Data segment:
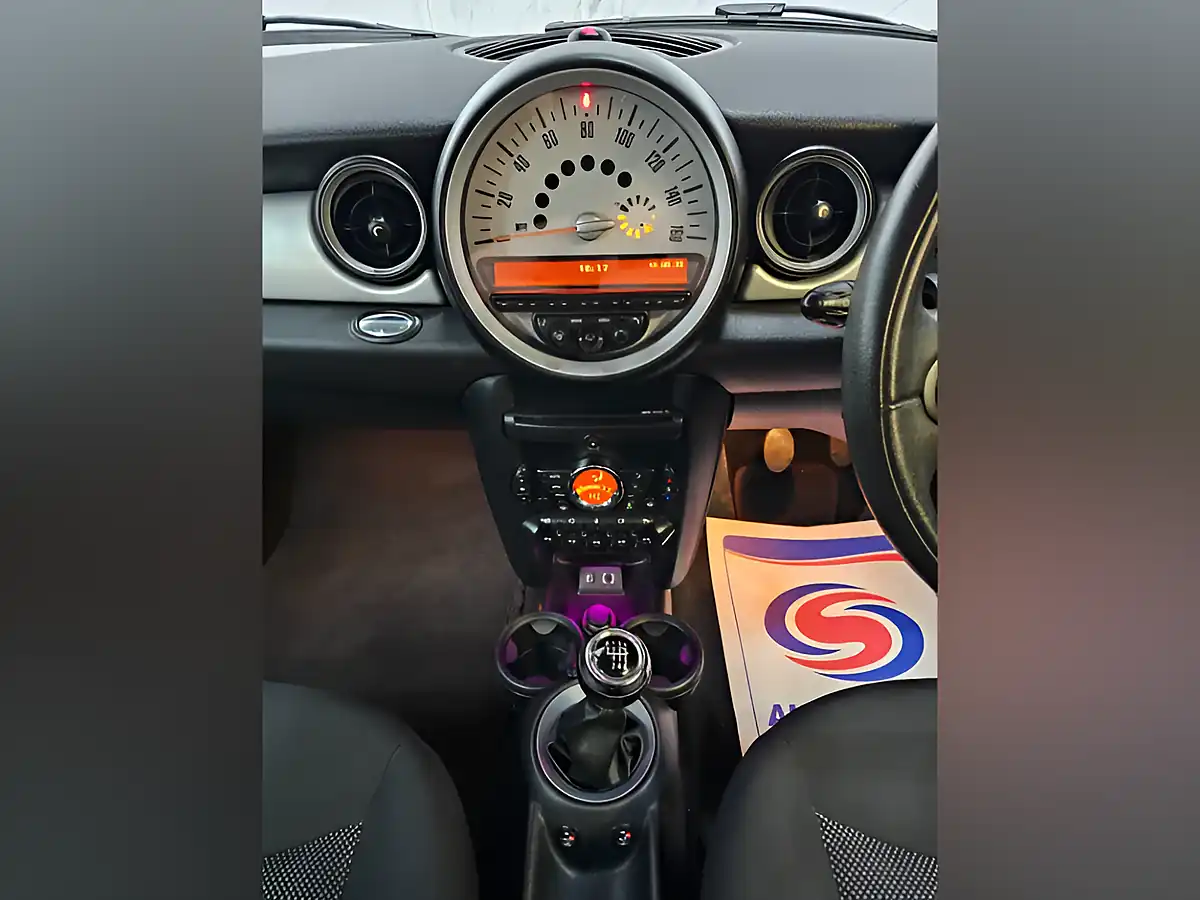 Used 2012 MINI Hatch Cooper Black - Interior and Exterior details 14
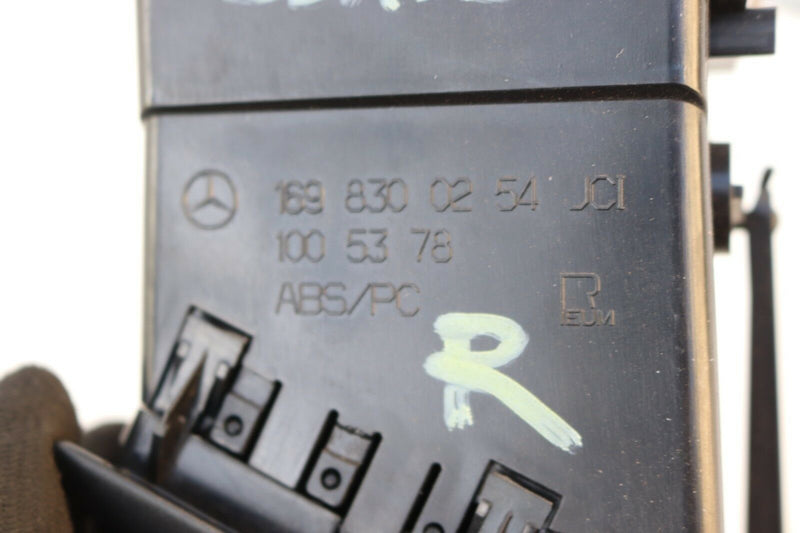 MB B CLASS W245 2006-2011 FRONT DRIVER RIGHT HEATER AIR VENT 1698300254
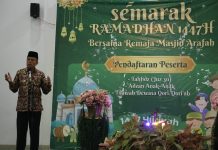 Wakil Wali Kota Payakumbuh Elzadaswarman menyampaikan sambutan pada pembukaan Semarak Ramadhan 1447H di Masjid Arafah Sungai Pinago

Exercise aim:
The expected output is the exact run of lines from the one containing "MB B CLASS W245" through the final line of the data above, both ends included, with no pictures.

Written response:
 MB B CLASS W245 2006-2011 FRONT DRIVER RIGHT HEATER AIR VENT 1698300254
 Wakil Wali Kota Payakumbuh Elzadaswarman menyampaikan sambutan pada pembukaan Semarak Ramadhan 1447H di Masjid Arafah Sungai Pinago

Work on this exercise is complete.